Hadoop Metrics and Their Relevance to Security
In Chapter 7’s “Hadoop Metrics” section, you reviewed what Hadoop metrics are, how you can apply filters to metrics, and how you can direct them to a file or monitoring software such as Ganglia. As you will soon learn, you can use these metrics for security, as well.

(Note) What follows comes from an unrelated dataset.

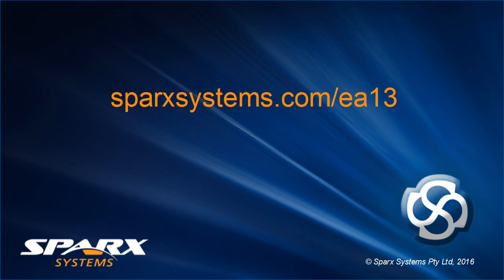For more information about Enterprise Architect 13 visit sparksystems.com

As you will remember, you can use Hadoop metrics to set alerts to capture sudden changes in system resources. In addition, you can set up your Hadoop cluster to monitor NameNode resources and generate alerts when any specified resources deviate from desired parameters. For example, I will show you how to generate alerts when deviation for the following resources exceed the monthly average by 50% or more:
FilesCreated
FilesDeleted
Transactions_avg_time
GcCount
GcTimeMillis
LogFatal
MemHeapUsedM
ThreadsWaiting
First, I direct output of the NameNode metrics to a file. To do so, I add the following lines to the file hadoop-metrics2.properties in the directory $HADOOP_INSTALL/hadoop/conf:
*.sink.tfile.class=org.apache.hadoop.metrics2.sink.FileSink
namenode.sink.tfile.filename = namenode-metrics.log
Next, I set filters to include only the necessary metrics:
*.source.filter.class=org.apache.hadoop.metrics2.filter.GlobFilter
*.record.filter.class=${*.source.filter.class}
*.metric.filter.class=${*.source.filter.class}
namenode.sink.file.metric.filter.include=FilesCreated
namenode.sink.file.metric.filter.include=FilesDeleted
namenode.sink.file.metric.filter.include=Transactions_avg_time
namenode.sink.file.metric.filter.include=GcCount
namenode.sink.file.metric.filter.include=GcTimeMillis
namenode.sink.file.metric.filter.include=LogFatal
namenode.sink.file.metric.filter.include=MemHeapUsedM
namenode.sink.file.metric.filter.include=ThreadsWaiting
My filtered list of metrics is now being written to the output file namenode-metrics.log.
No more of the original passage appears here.